[Image-text web data]
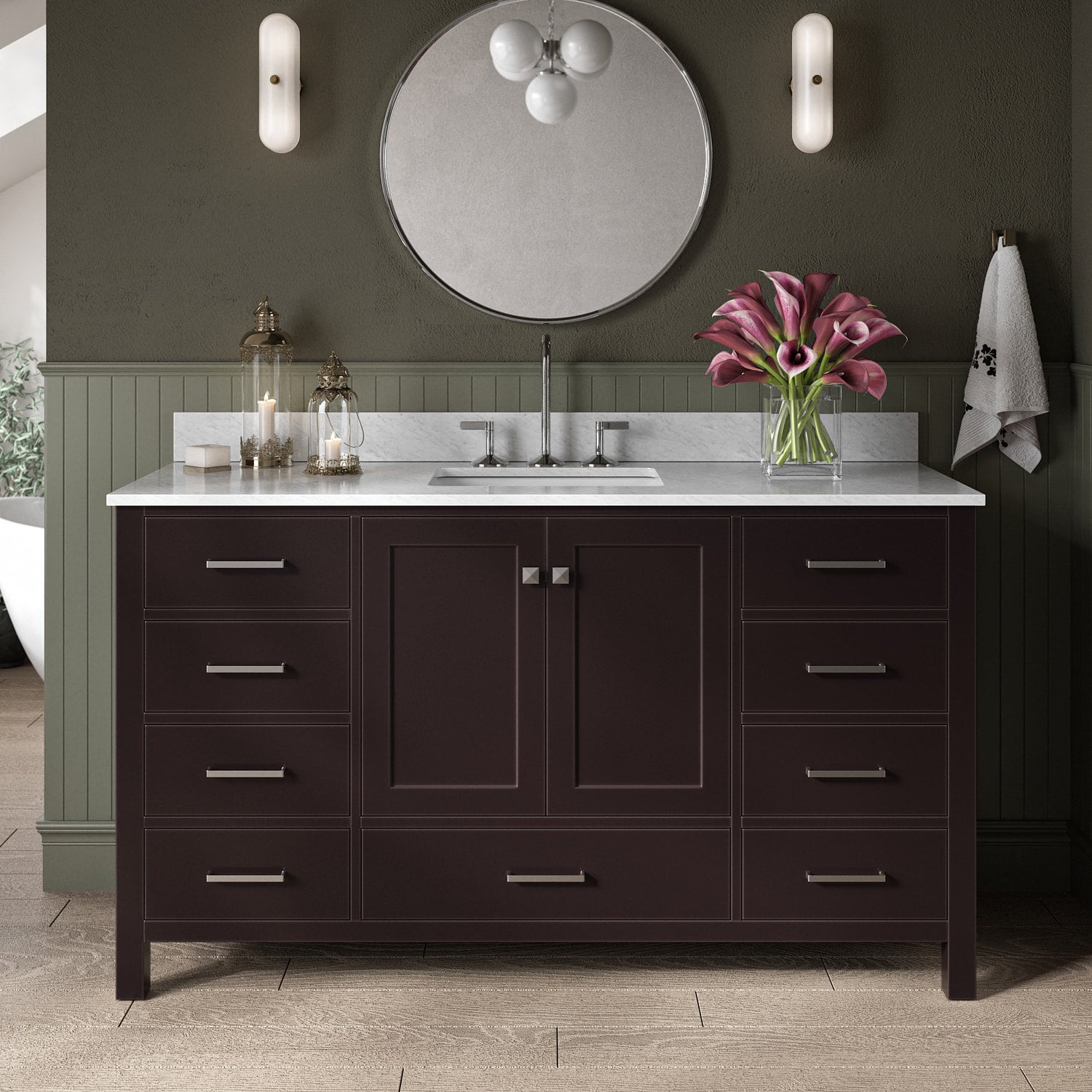 ARIEL A061SCW2RVOESP Cambridge 61-in Espresso Undermount Single sink Bathroom Vanity with 0.75" Carrara White Marble Natural marble Top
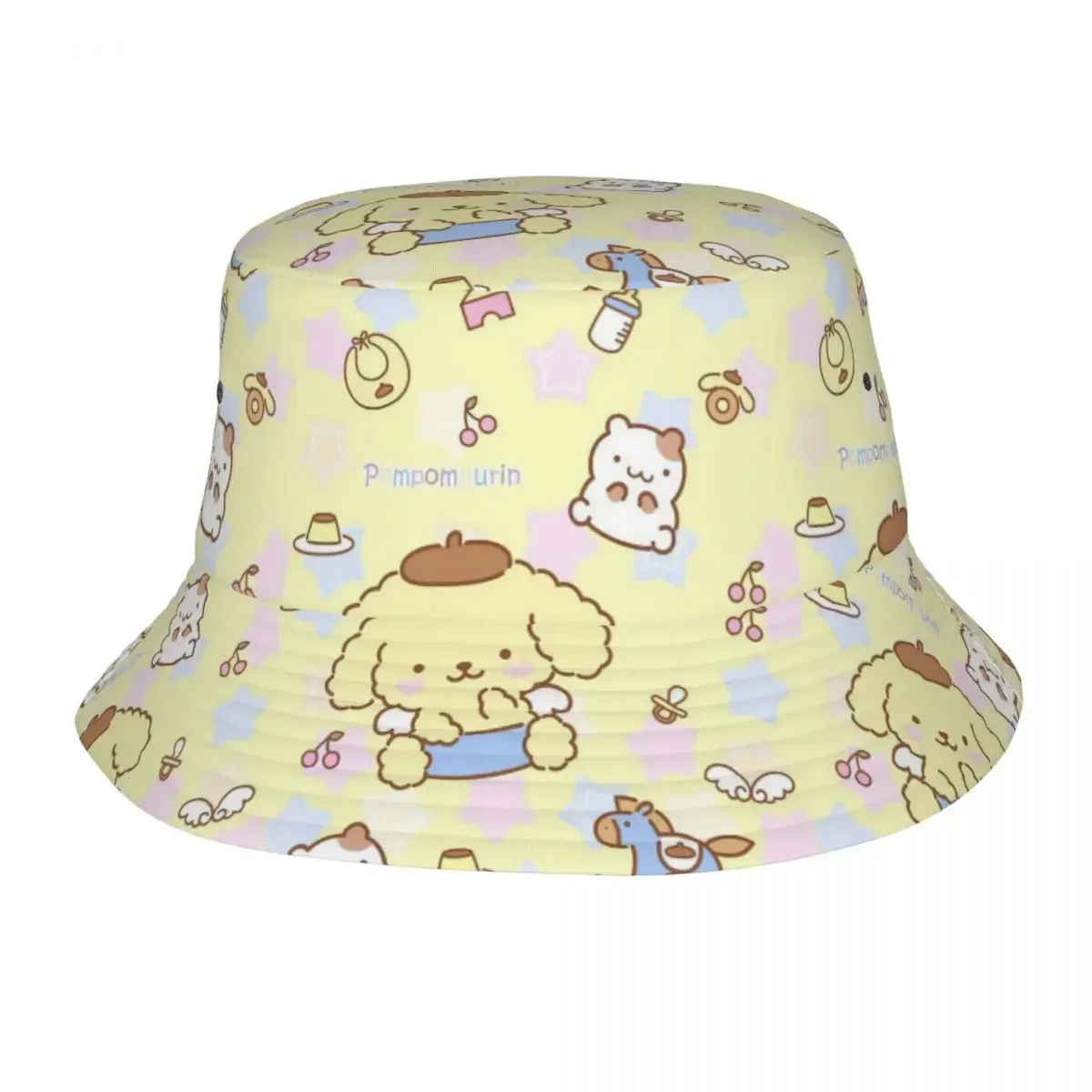 Trendy Pom Pom Purin Cartoon Bucket Hat Girl Packable Outdoor Sport Fishing Cap Summer Beach Vacation Getaway Headwear Bob Hat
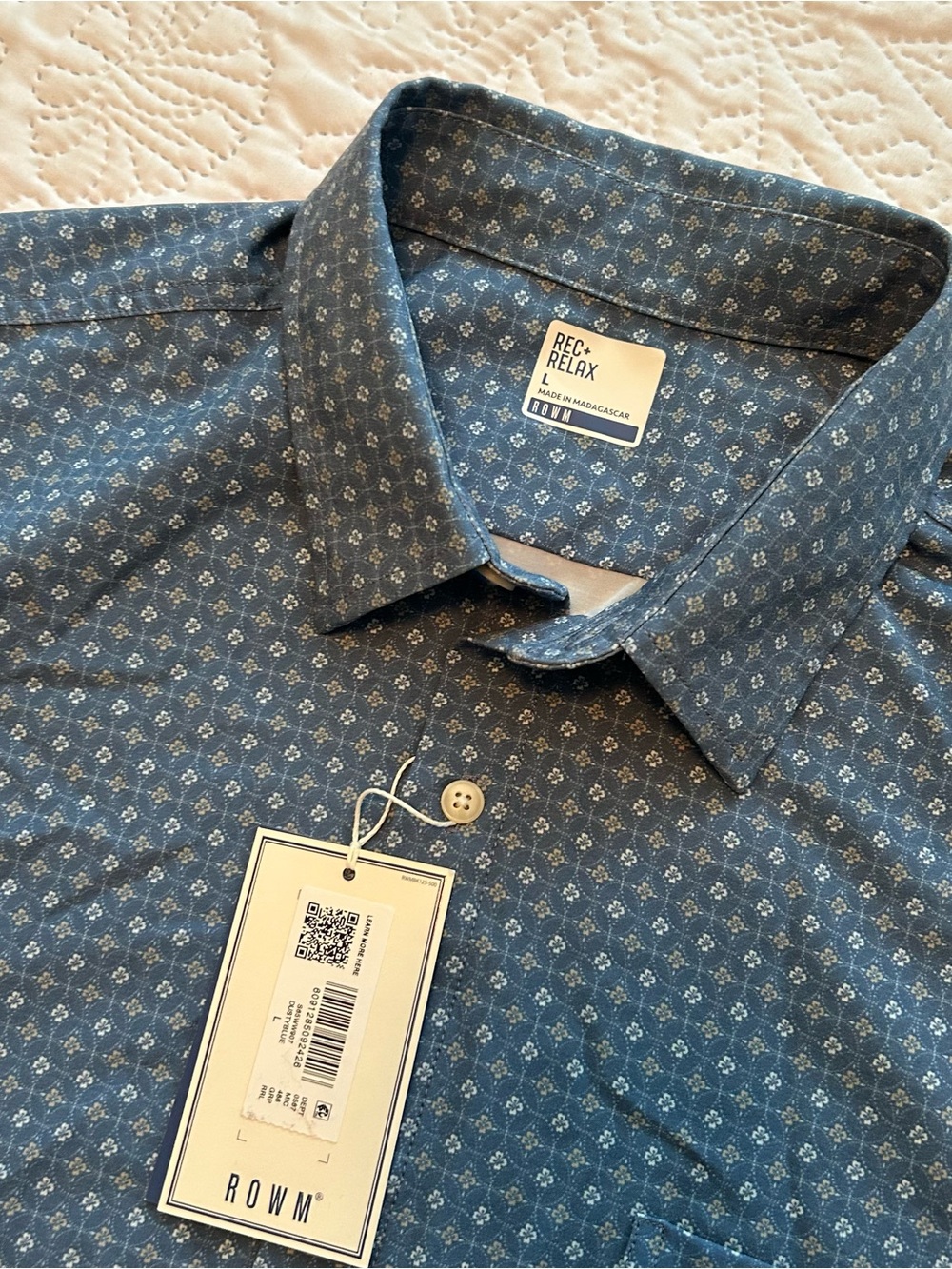 REC+RELAX Men’s Blue Printed Casual Button-Down Shirt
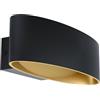 Eglo LED Lampada da parete Maccacari, 1 fiamma, design minimalista, faretti | da parete interni in alluminio, acciaio e plastica, lampada per soggiorno, lampada da corridoio nero, oro, trasparente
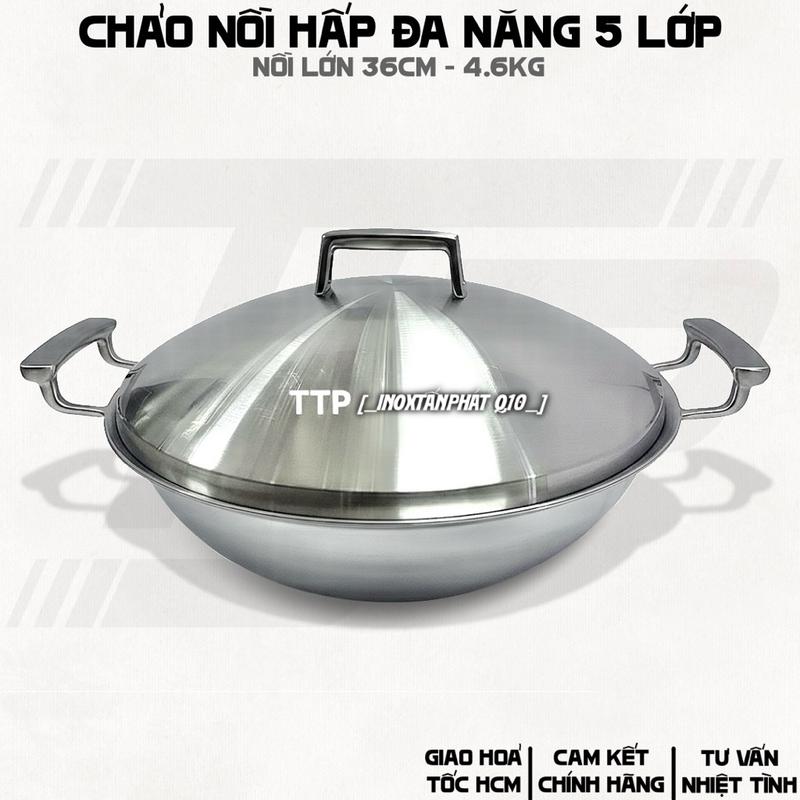 Chảo/Nồi Hấp Lớn Đa Năng Cấu Tạo 5 Lớp (36cm-6L)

• **Work instructions**
Begin at the line with "REC+RELAX Men’s Blue" and retype exactly every line through the last one of the entries above, both included, and nothing more; pictures stay out.

• **Result for this task**
 REC+RELAX Men’s Blue Printed Casual Button-Down Shirt
 Eglo LED Lampada da parete Maccacari, 1 fiamma, design minimalista, faretti | da parete interni in alluminio, acciaio e plastica, lampada per soggiorno, lampada da corridoio nero, oro, trasparente
 Chảo/Nồi Hấp Lớn Đa Năng Cấu Tạo 5 Lớp (36cm-6L)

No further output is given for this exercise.